Pictures aside, reproduce exactly and only the lines below, starting at the one containing "Cluster style engagement" and ending at the last line.

Study material:
·····
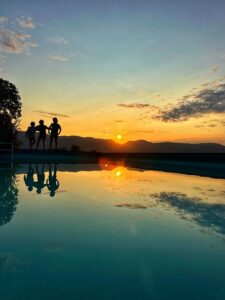 kinderen bij zwembad bij zonsondergang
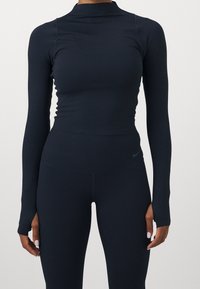 Haut de sport à manches longues bleu marine avec un col montant, design sans coutures et matériau extensible, associé à des leggings côtelés taille haute assortis.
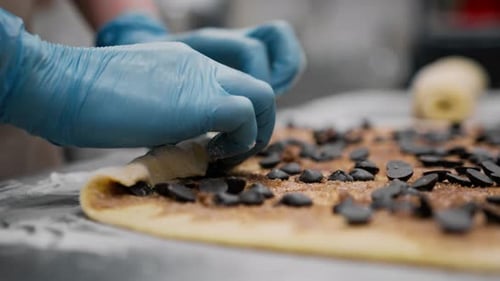 Hands Add Chocolate Chips to Pastry Dough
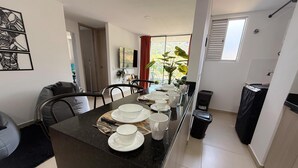 A modern kitchen with a central island, dining table set with plates, cups, and cutlery. - Mountain View, Pool & Gym (2506) (Sabaneta)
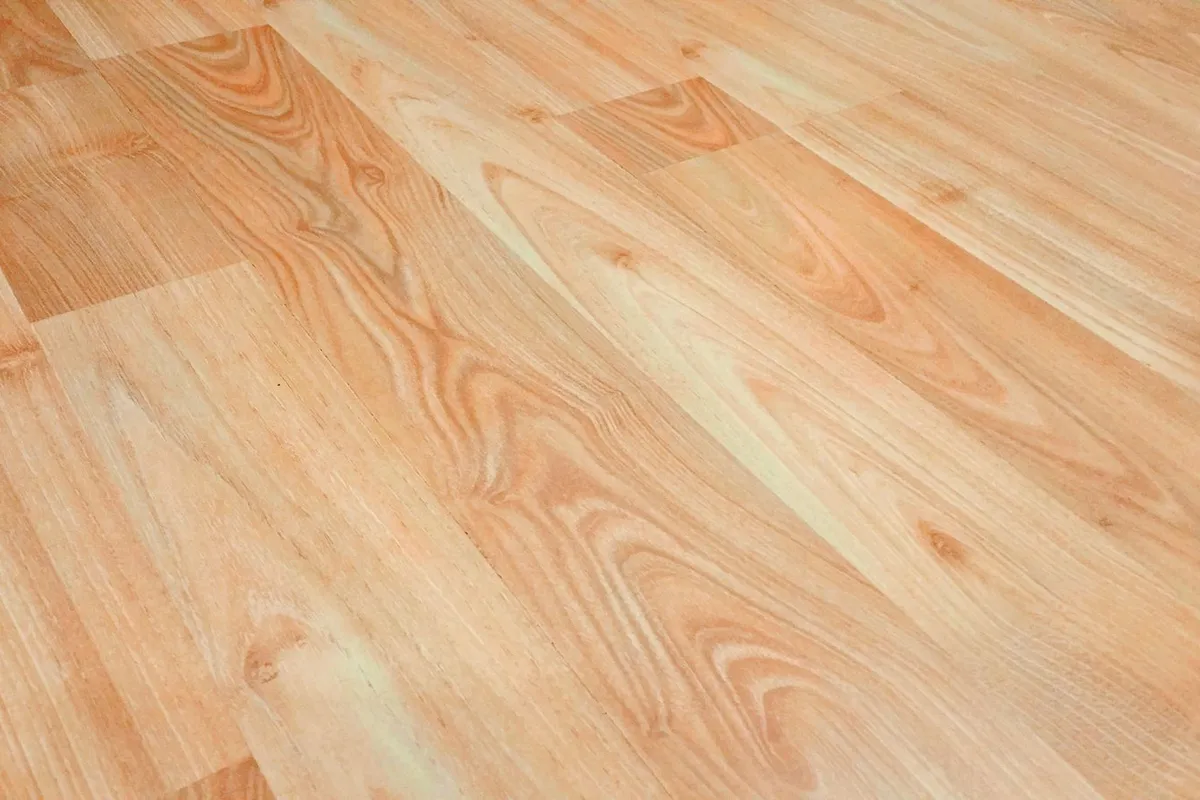 Light wood-look laminate planks in close view — the printed image layer is the product: material runs 40–55% of a laminate budget, and thickness and wear rating are what separate the boards that look like this for a decade from the ones that do not.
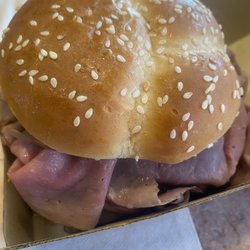 Arby's - A 1/2 lb roast beef sandwich as it was served to me. Plump bun, no finger marks and full.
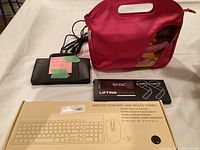 Photo showing black Phillips dictation foot pedal, wireless keyboard and mouse combo in box, SKDK lifting straps in box, and pink carrying case with curling irons.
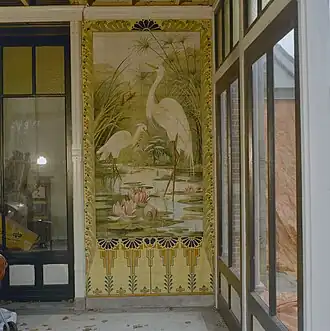 Een van de tegeltableaus in de serre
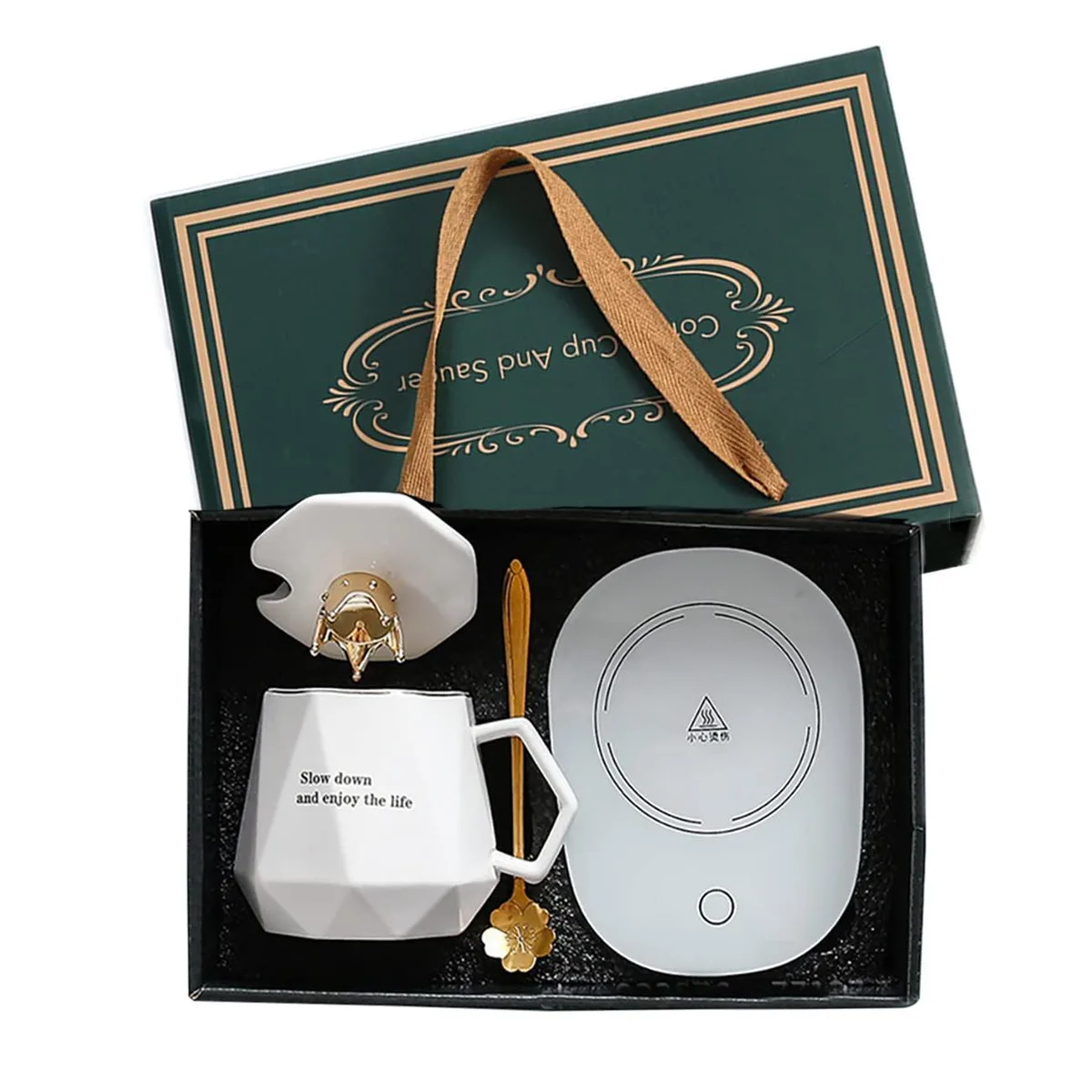 White electric coffee warmer with ceramic mug, gold-trimmed crown lid and metal spoon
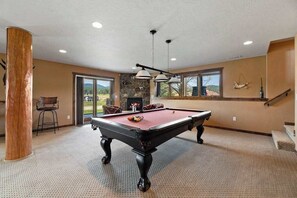 A pool table in a room with a stone wall, a fireplace, and a view of the outdoors. - Reunion Lodge • Hot Tub, Game Room & Views (Sturgis)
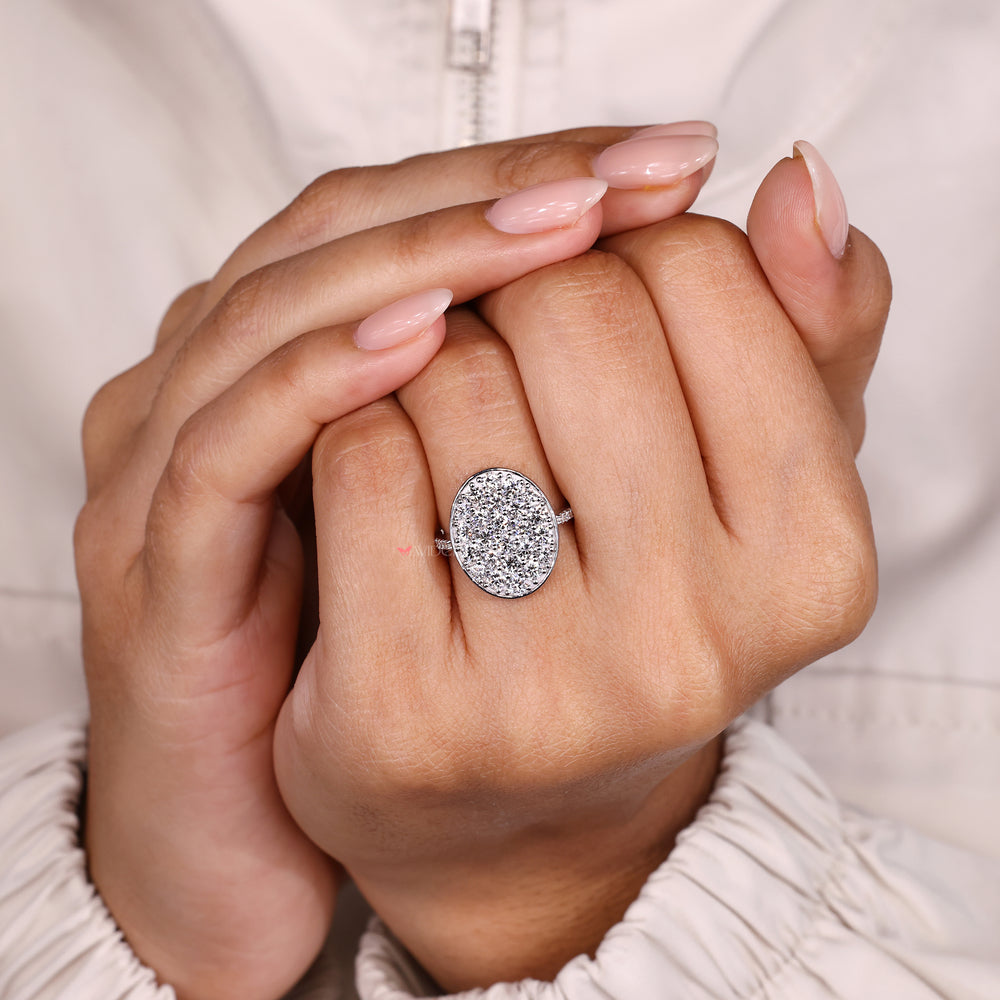 Cluster style engagement ring with round pave set diamonds.
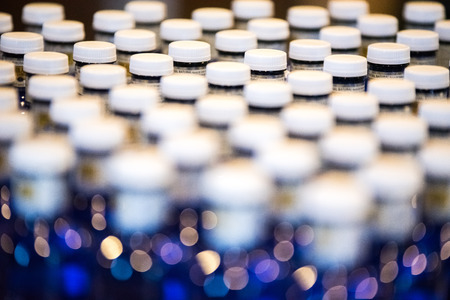 Bottles of water in the delivery of diplomas in the graduation and reception end of course of the college of economists of the Valencian community.の写真素材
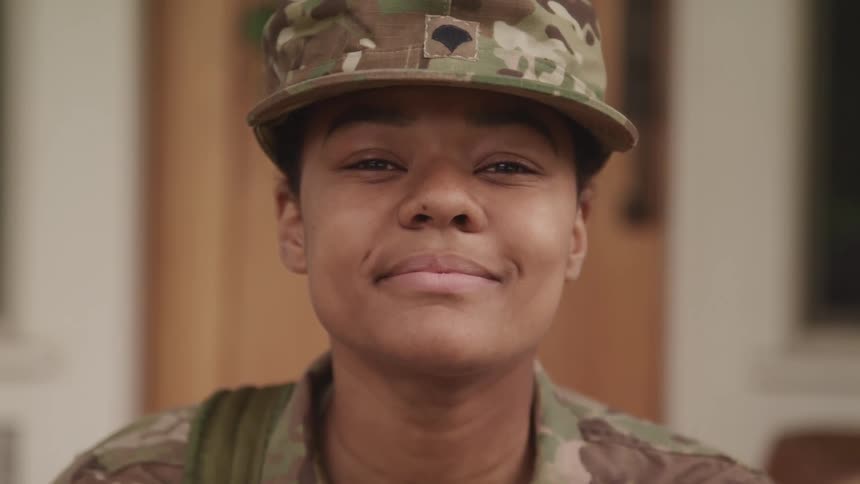 A woman in a military outfit slowly looks up at the camera while subtly smiling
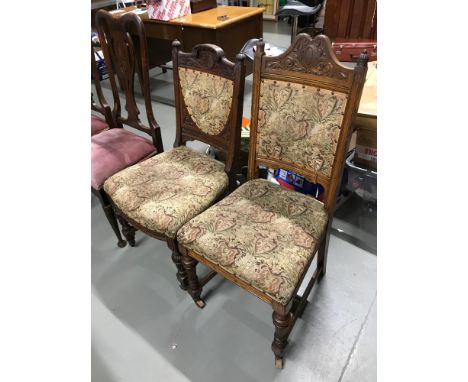 A lot of two Victorian oak 'his &amp; her' parlour chairs, with matching upholstery &amp; ceramic castors 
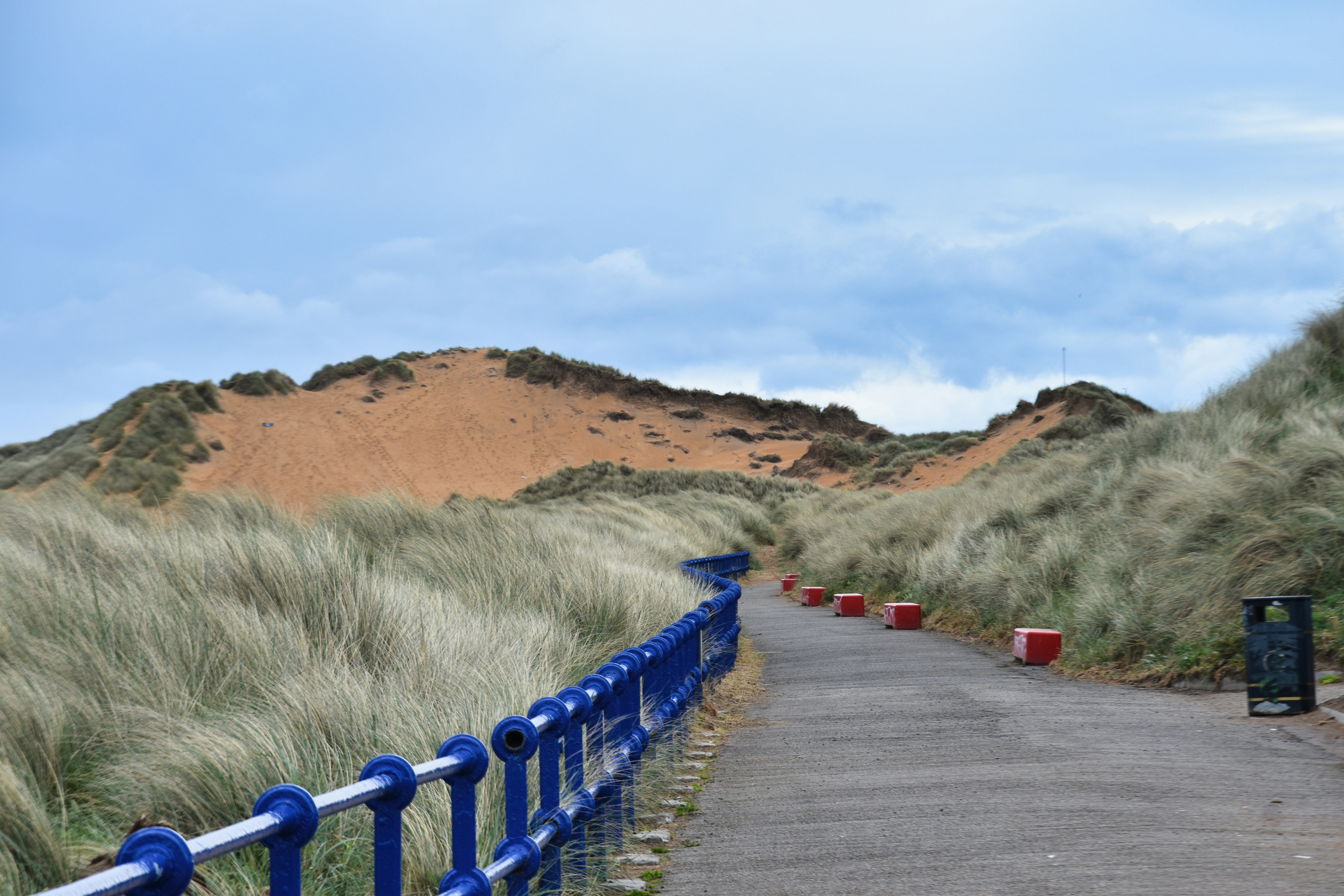 A path leads through grassy dunes.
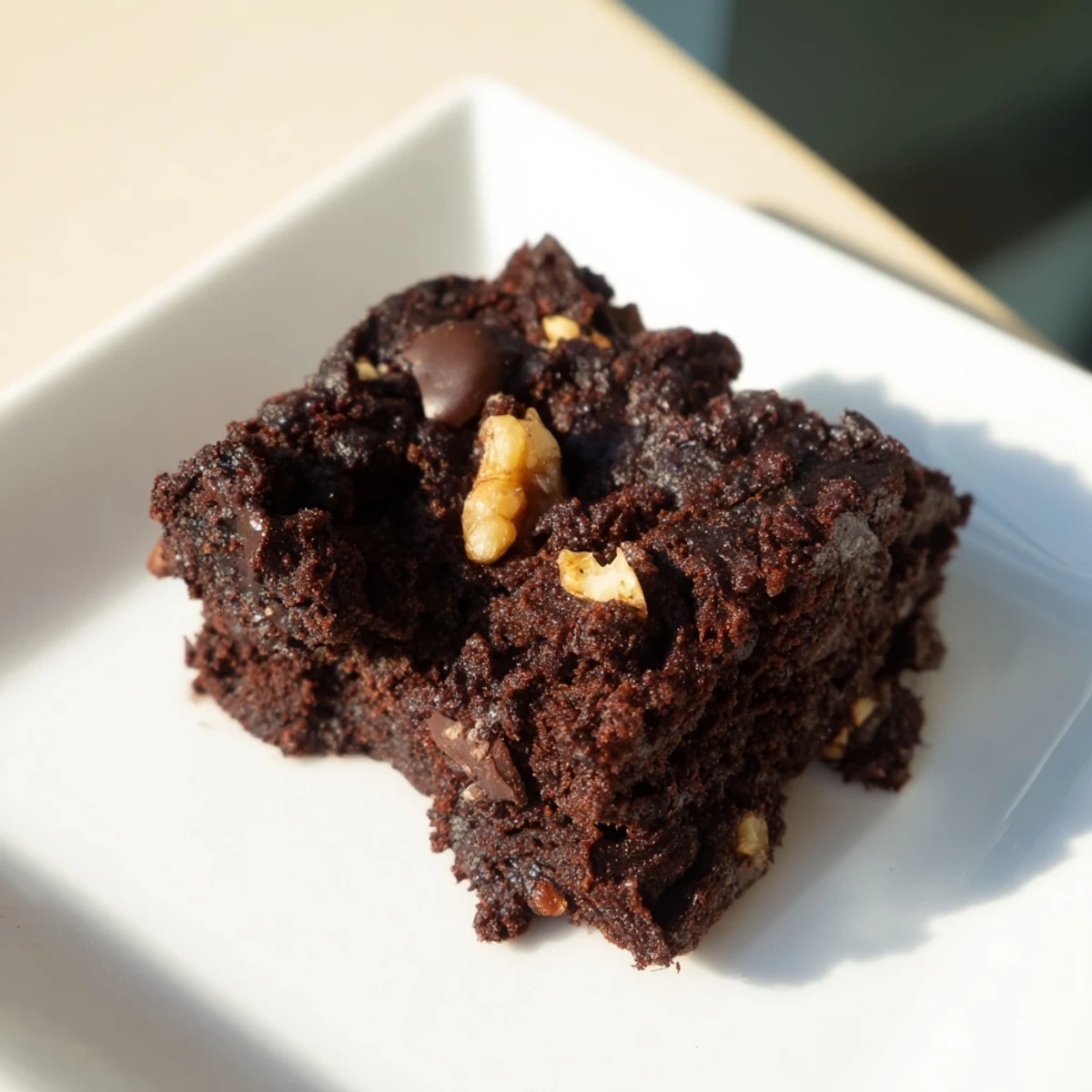 These freshly baked Gluten-Free Almond Flour Brownies look rich, with visible chocolate chips and a slightly cracked top.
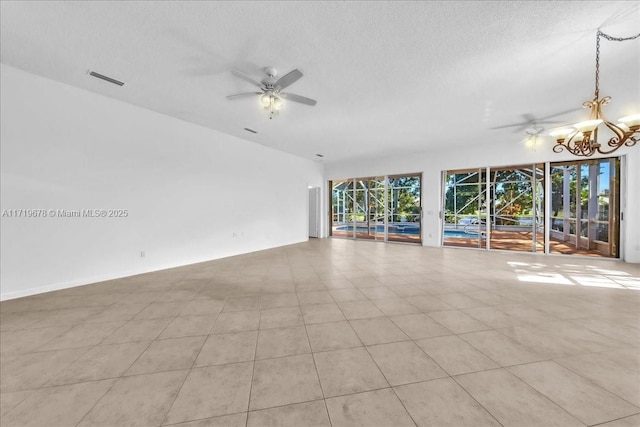 unfurnished room featuring ceiling fan with notable chandelier, light tile patterned floors, and a textured ceiling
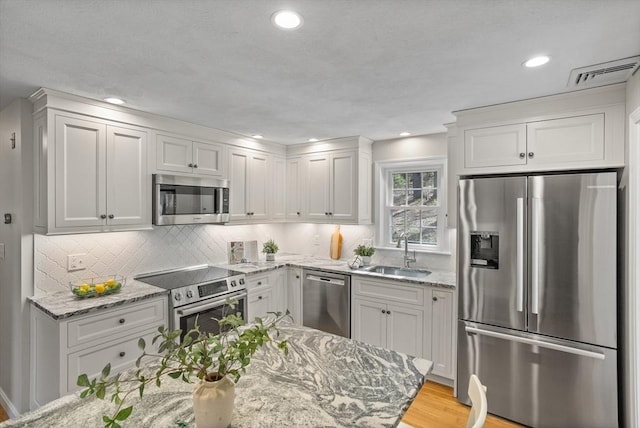 kitchen featuring appliances with stainless steel finishes, light stone counters, a sink, backsplash, and visible vents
·····
Response for this exercise:
 Cluster style engagement ring with round pave set diamonds.
 Bottles of water in the delivery of diplomas in the graduation and reception end of course of the college of economists of the Valencian community.の写真素材
 A woman in a military outfit slowly looks up at the camera while subtly smiling
 A lot of two Victorian oak 'his &amp; her' parlour chairs, with matching upholstery &amp; ceramic castors 
 A path leads through grassy dunes.
 These freshly baked Gluten-Free Almond Flour Brownies look rich, with visible chocolate chips and a slightly cracked top.
 unfurnished room featuring ceiling fan with notable chandelier, light tile patterned floors, and a textured ceiling
 kitchen featuring appliances with stainless steel finishes, light stone counters, a sink, backsplash, and visible vents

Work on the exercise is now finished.